Thoughts of a Novice Dancer

As much as I love to dance and despite the fact I’ve been dancing for years, I consider myself a novice dancer (click here for my dance resume).  I don’t mean to discount any of the classes I’ve taken but they only skimmed the surface*.  I often felt as though I was taking the same class over and over but with a different instructor.  Once in a while I would find a class that pushed me, but my ever-changing life never allowed me to stay long.  My work schedule would change or I would move, and I’d find myself searching for another challenging class only to find myself taking a basic course because that was all that could be found and it was better than nothing. 

It would be easy to focus on what could have been had I received quality training when I started taking classes at age eighteen.  I see and hear other stories of dancers who got a late start and wonder about the dancer I could have become.  But life is what it is.  I cannot change the past.  I’ve learned that I can’t allow my lack of training to impede my enjoyment of dance or my participation in its various styles and expressions.  All I can do is focus on becoming the best dancer I can be in this moment. 

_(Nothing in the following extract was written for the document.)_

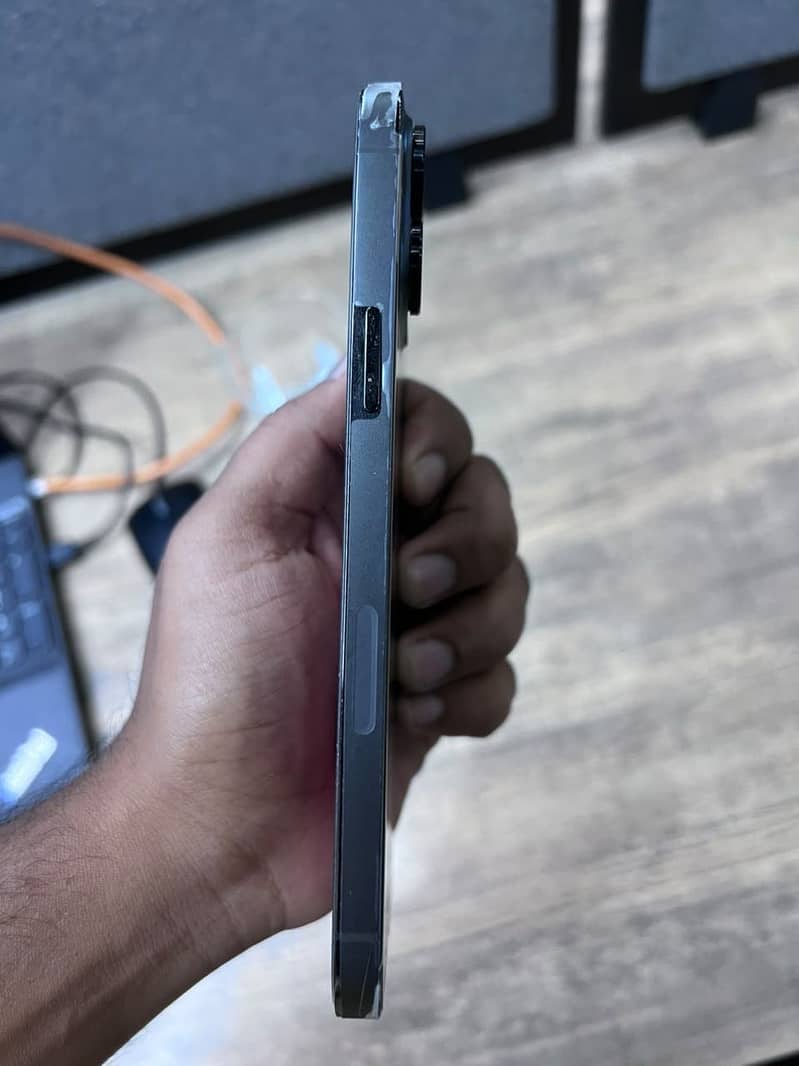 Apple iPhone 13 Pro Max 4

Of course there are days when it is rather difficult to watch an exquisite dance performance and not experience a twinge of jealousy.  But instead of wallowing in the sea of what-could-have-been, I allow the beauty created by other dancers to further motivate me as a dancer. 

My journey through dance has been more about becoming the woman God has created me to be than about becoming the best dancer in the world.   As I pursue my passion, I continue to gain insight and grow in self-knowledge. 

And so my training continues.  My most recent dance classes have been amazingly helpful in this pursuit by pushing me beyond what I thought myself capable of.  I choose not to think about the dancer I might have become because I’d much rather enjoy the dancer I currently am.

*Disclaimer: This has not been the case with my current class, which has been challenging, bad habit-breaking, grueling and great fun!